Daughters high school team mate was a Mountaineer . Jess Harlee .   I talked to Jeff thru a pm . I let him know to let anyone interested in the machines or tooling to get first shot . If he had anything left he could call me . I really don't need these machines but if I could help him out , I would .


----------



## mmcmdl (Feb 26, 2021)

Anything leave today ?


----------



## jwmelvin (Feb 26, 2021)

It hasn’t left yet but we agreed that I will be taking the lathe, band saw, drill press, grinder, metrology tooling, and a bunch of smaller things. I’m excited and also trying to figure out how to move it all. 

Both mills remain, along with a lot of tooling for each. 

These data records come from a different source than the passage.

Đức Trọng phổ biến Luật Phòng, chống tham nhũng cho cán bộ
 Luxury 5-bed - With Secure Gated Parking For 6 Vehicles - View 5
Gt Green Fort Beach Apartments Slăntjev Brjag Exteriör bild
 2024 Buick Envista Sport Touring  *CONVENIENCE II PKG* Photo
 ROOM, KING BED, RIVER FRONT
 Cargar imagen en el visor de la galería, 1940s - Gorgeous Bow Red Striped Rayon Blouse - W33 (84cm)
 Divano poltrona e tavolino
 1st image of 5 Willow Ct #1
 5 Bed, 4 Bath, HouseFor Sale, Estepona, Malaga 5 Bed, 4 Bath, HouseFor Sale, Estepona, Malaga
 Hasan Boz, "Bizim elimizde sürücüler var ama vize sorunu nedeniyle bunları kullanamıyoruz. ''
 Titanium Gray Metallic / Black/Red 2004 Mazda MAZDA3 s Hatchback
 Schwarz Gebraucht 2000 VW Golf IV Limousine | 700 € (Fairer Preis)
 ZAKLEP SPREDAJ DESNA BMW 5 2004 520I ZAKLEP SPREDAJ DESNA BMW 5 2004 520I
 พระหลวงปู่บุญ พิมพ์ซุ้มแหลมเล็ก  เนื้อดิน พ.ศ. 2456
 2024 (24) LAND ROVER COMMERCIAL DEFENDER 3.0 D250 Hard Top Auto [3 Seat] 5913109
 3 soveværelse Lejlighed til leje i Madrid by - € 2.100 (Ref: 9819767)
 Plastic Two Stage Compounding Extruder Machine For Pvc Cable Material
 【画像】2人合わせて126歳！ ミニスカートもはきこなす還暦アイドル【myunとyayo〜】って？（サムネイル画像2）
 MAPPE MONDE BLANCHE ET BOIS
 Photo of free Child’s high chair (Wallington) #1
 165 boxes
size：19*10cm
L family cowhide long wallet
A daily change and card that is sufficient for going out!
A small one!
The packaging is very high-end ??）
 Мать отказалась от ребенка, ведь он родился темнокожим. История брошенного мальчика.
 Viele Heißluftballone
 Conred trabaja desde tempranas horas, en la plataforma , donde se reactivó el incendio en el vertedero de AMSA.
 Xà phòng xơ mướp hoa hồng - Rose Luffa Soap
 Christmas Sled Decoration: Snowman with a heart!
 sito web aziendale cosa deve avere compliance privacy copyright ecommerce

And all the machines are single phase.


----------



## mmcmdl (Feb 26, 2021)

Great , I can take my mind off of this !


----------



## jeffhester (Feb 27, 2021)

Stil remaining:

Clausing Vertical Mill Model 8530 - PENDING SALE
Clausing Horizontal Mill Model 8551
Axiom Precision
Reality CR20 Pro 3D Printer
Woodworking power tools
Electronic tools
Much more...


----------



## ferrell vance (Feb 27, 2021)

could you provide info on the Clausing 8530, power feed? DRO?, tolling included? voltage? age/hrs? price, thanks in advance


----------



## jwmelvin (Feb 28, 2021)

Sorry guys, the mills are gone. While I was loading some of my stuff yesterday, people came for them.


----------